INSTRUCTIONS FOR THE TASK: Write the data below out exactly as it stands. Do not include the pictures.

DATASET EXTRACT:
==================================================

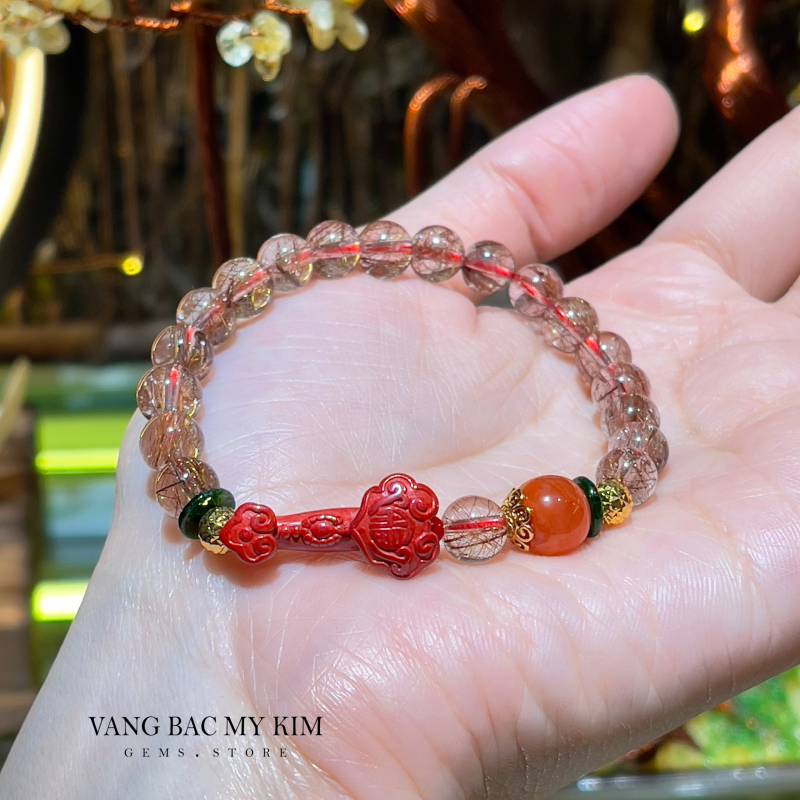 Vòng Thạch Anh Tóc Đỏ mix Chusa - Gậy Như Ý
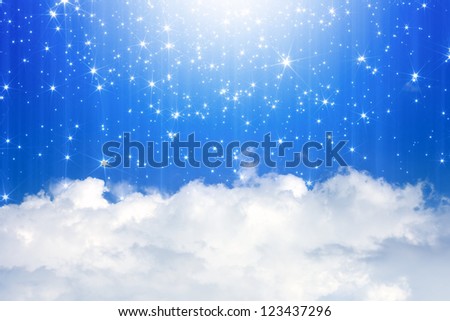 Peaceful background - blue sky, white clouds, bright stars, heaven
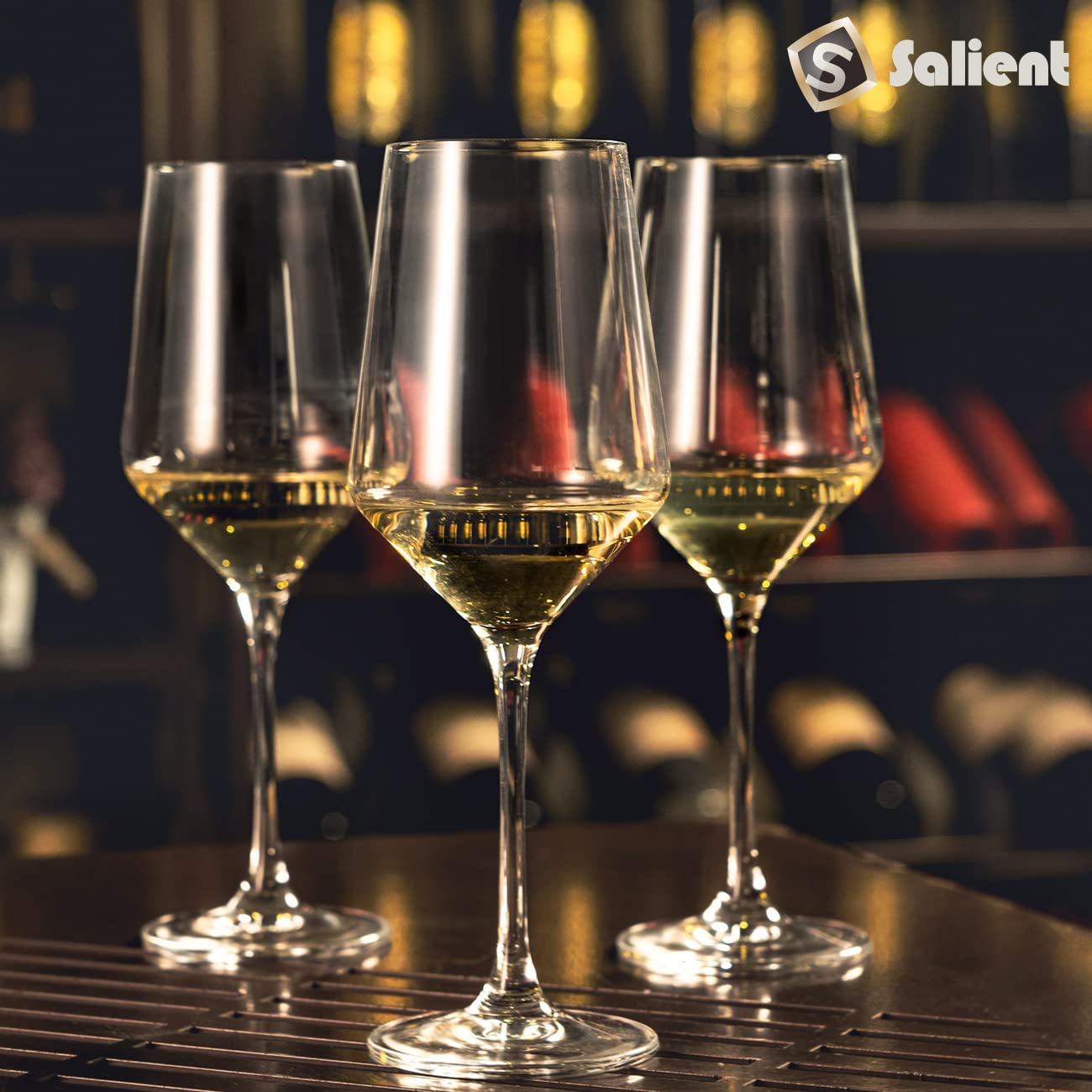 S SALIENT Wine Glasses Set of 6,Long Stem White/Red Wine glasses,14oz Hand Blown Premium Crystal Wine Glass,Gift Packing Burgundy Glasses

==================================================

EXERCISE OUTPUT:
 Vòng Thạch Anh Tóc Đỏ mix Chusa - Gậy Như Ý
 Peaceful background - blue sky, white clouds, bright stars, heaven
 S SALIENT Wine Glasses Set of 6,Long Stem White/Red Wine glasses,14oz Hand Blown Premium Crystal Wine Glass,Gift Packing Burgundy Glasses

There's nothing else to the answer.